* [ASSIGNED TASK] From the listing below, restate word for word the lines from the line containing "L-Shaped Sofa Couch" down through the line containing "Small Wax Angel". Exclude pictures.

* [INPUT RECORDS]
——

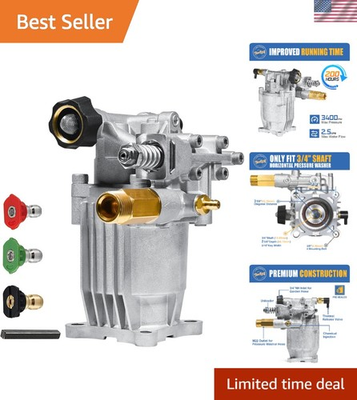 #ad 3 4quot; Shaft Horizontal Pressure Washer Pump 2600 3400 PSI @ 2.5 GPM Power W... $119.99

——

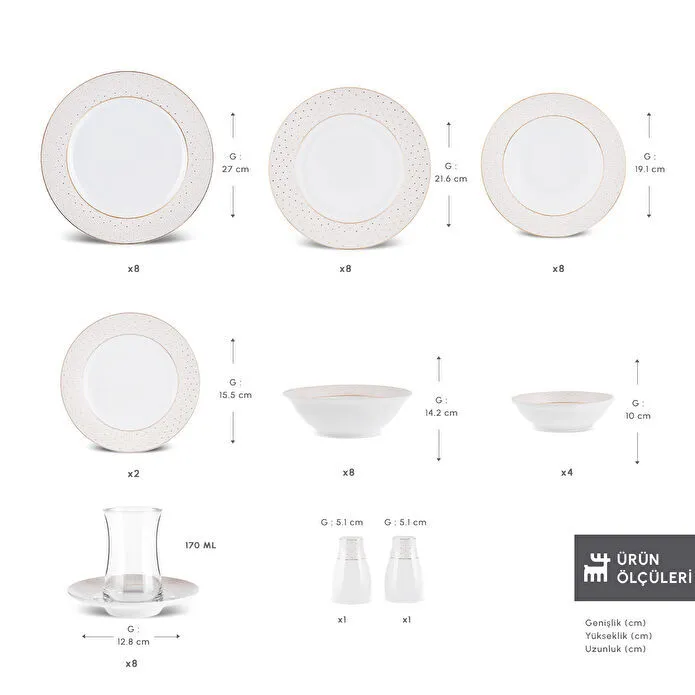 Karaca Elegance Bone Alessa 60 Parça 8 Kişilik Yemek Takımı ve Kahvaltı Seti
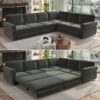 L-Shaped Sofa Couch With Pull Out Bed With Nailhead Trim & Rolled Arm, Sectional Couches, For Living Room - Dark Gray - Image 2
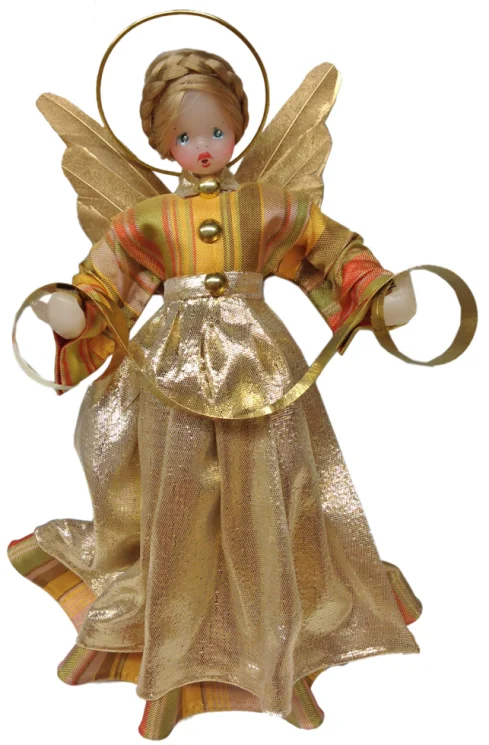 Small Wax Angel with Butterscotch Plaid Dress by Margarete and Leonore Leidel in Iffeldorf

——

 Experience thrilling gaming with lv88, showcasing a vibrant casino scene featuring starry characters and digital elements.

——

* [PROBLEM SOLUTION]
 L-Shaped Sofa Couch With Pull Out Bed With Nailhead Trim & Rolled Arm, Sectional Couches, For Living Room - Dark Gray - Image 2
 Small Wax Angel with Butterscotch Plaid Dress by Margarete and Leonore Leidel in Iffeldorf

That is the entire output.